__Required work__.
Below are records that contain pictures; transcribe the text exactly and omit the pictures.

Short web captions
───

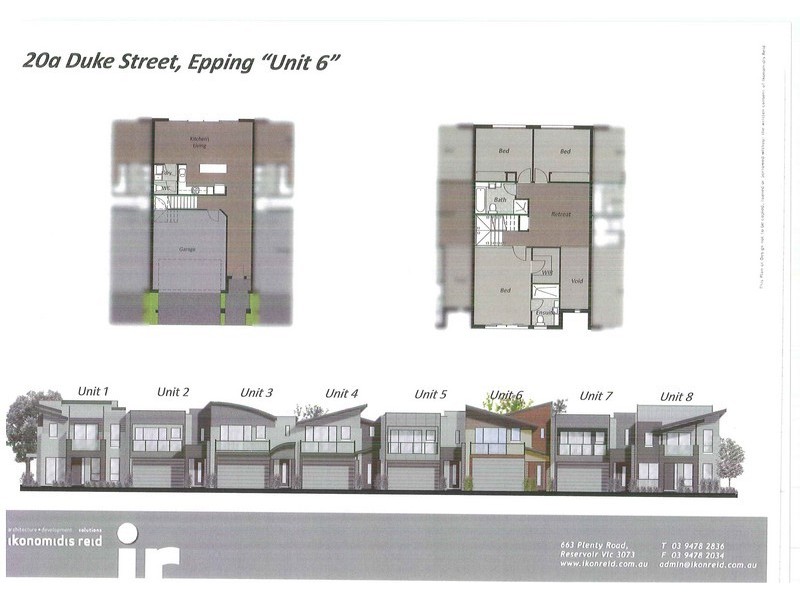 5-6/20a Duke Street, Epping VIC 3076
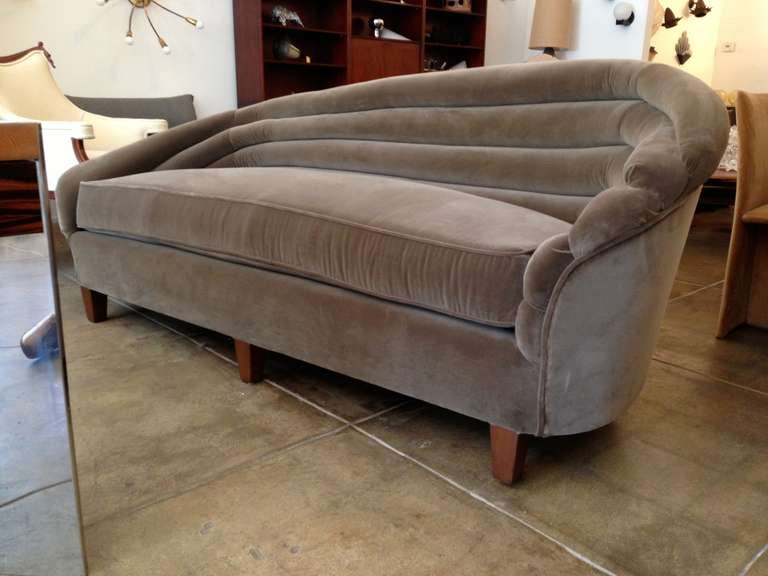 American Art Deco Sofa 2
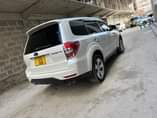 A picture of SUBARU FORESTER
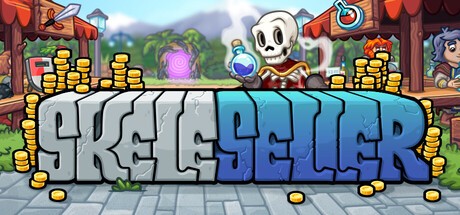 Games like Skeleseller
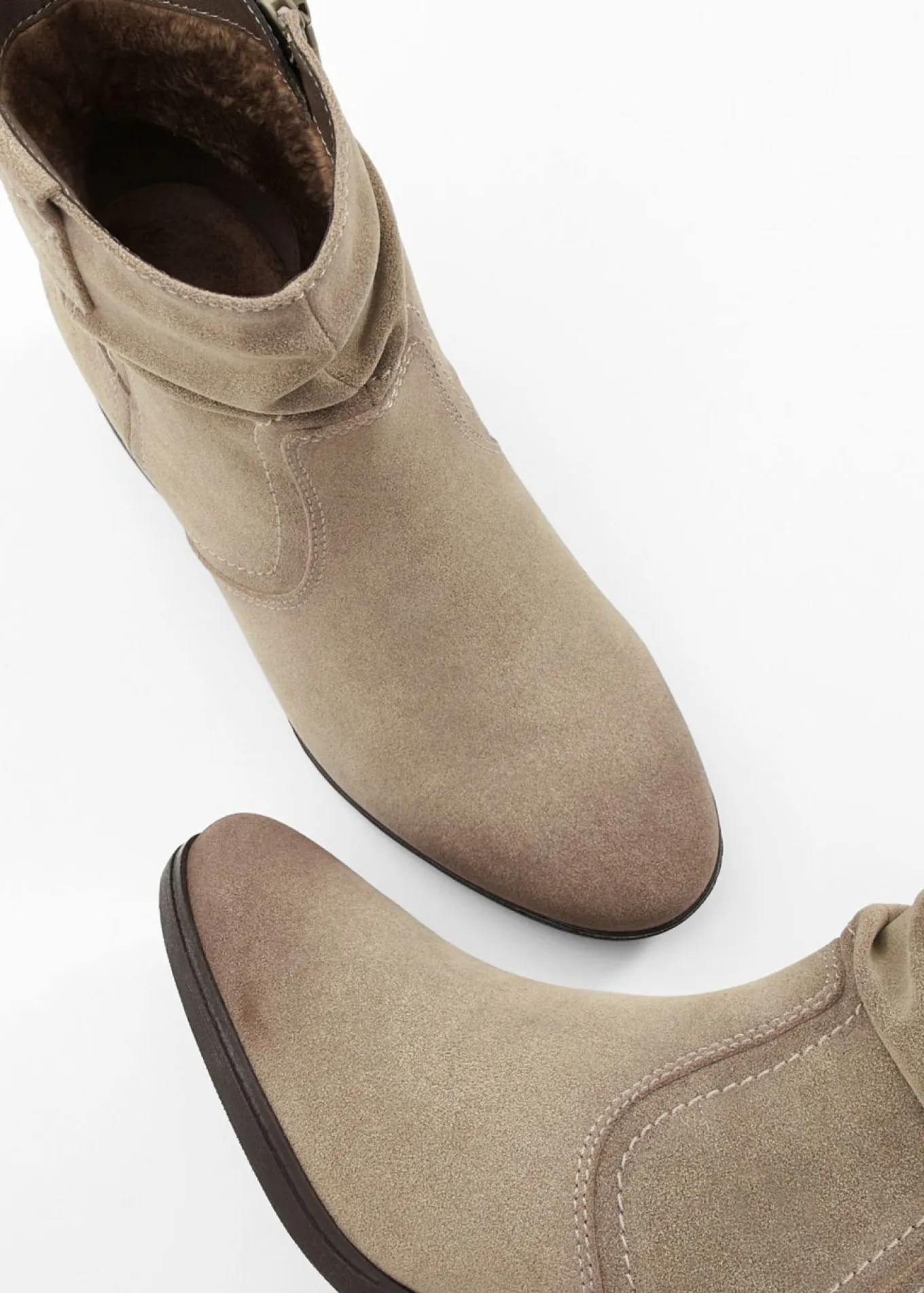 Botines cowboy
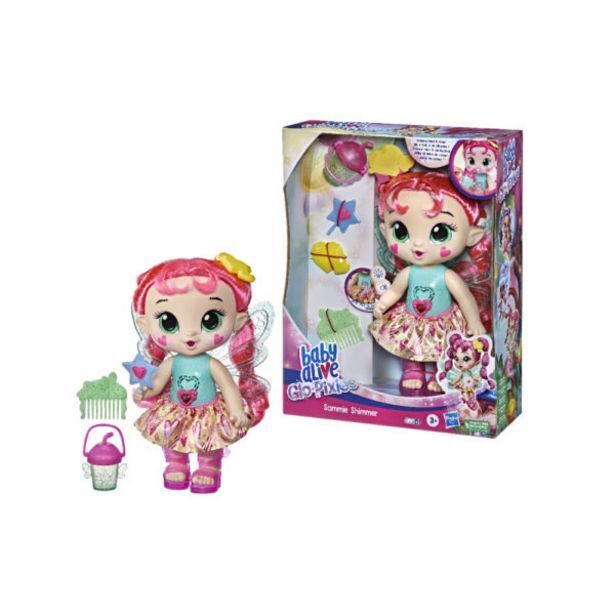 Toy Kingdom Baby alive glo pixies ast offer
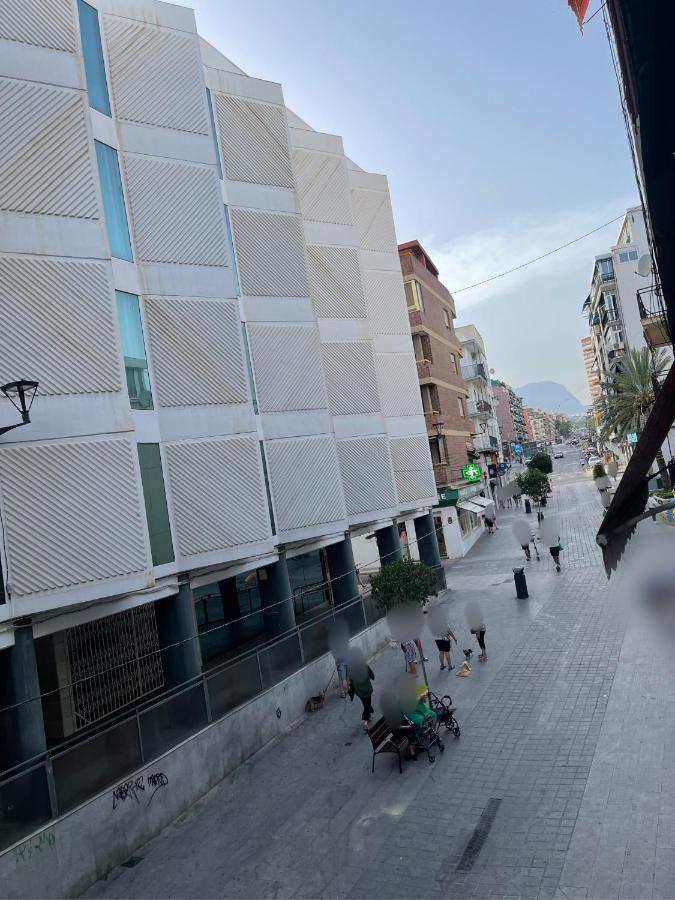 Ferienwohnung Apartamento Arena Benidorm Exterior foto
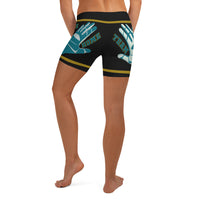 ThatXpression Home Team Jaguars Girl Themed Boy Shorts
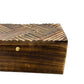 Vintage Deco - Multi Purpose Box - 22x12x10cm - Antique Lines - Luna Panther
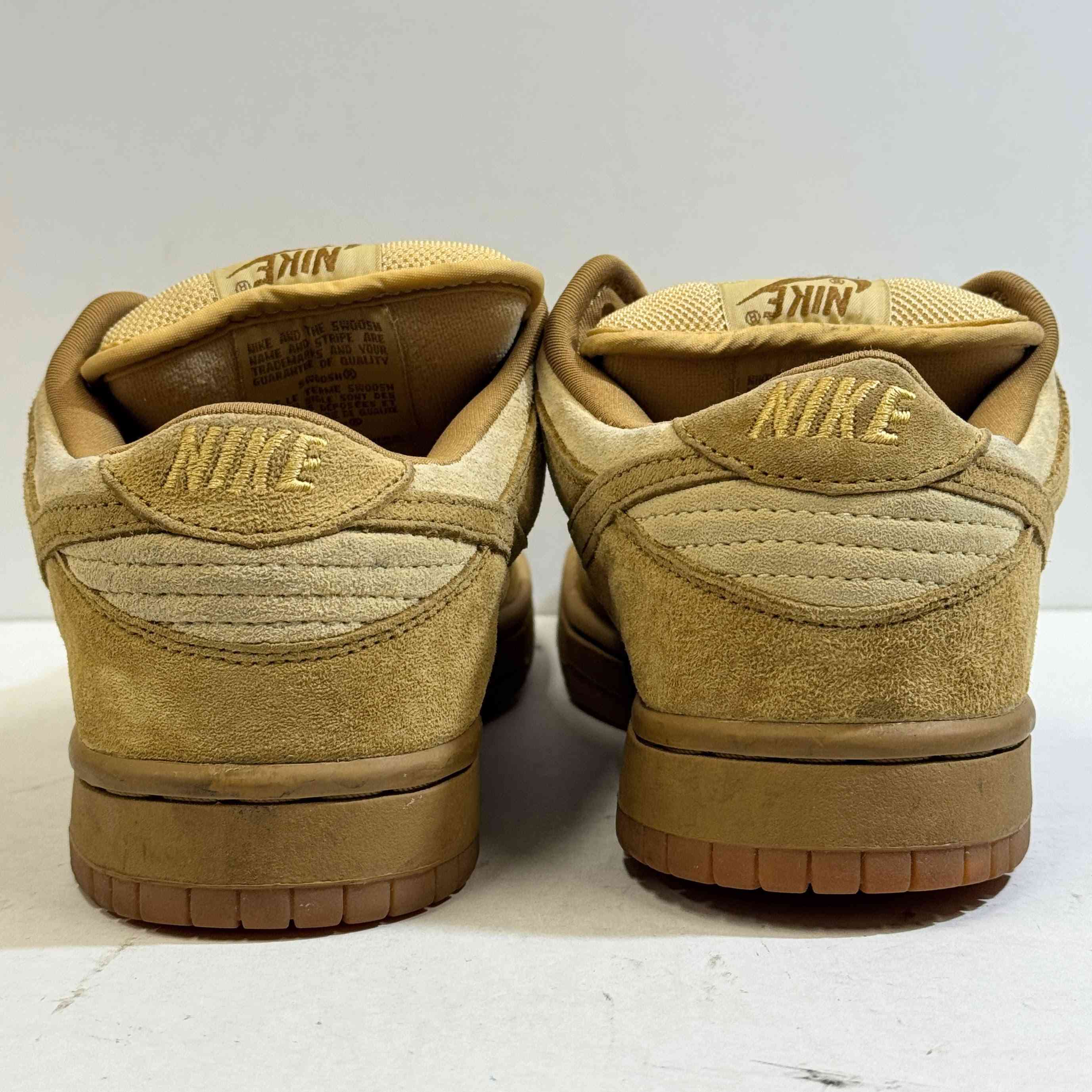 US7】 NIKE SB DUNK LOW PRO SB REESE FORBES 304292-731 【USED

───

__Exercise output__.
 5-6/20a Duke Street, Epping VIC 3076
 American Art Deco Sofa 2
 A picture of SUBARU FORESTER
 Games like Skeleseller
 Botines cowboy
 Toy Kingdom Baby alive glo pixies ast offer
 Ferienwohnung Apartamento Arena Benidorm Exterior foto
 ThatXpression Home Team Jaguars Girl Themed Boy Shorts
 Vintage Deco - Multi Purpose Box - 22x12x10cm - Antique Lines - Luna Panther
 US7】 NIKE SB DUNK LOW PRO SB REESE FORBES 304292-731 【USED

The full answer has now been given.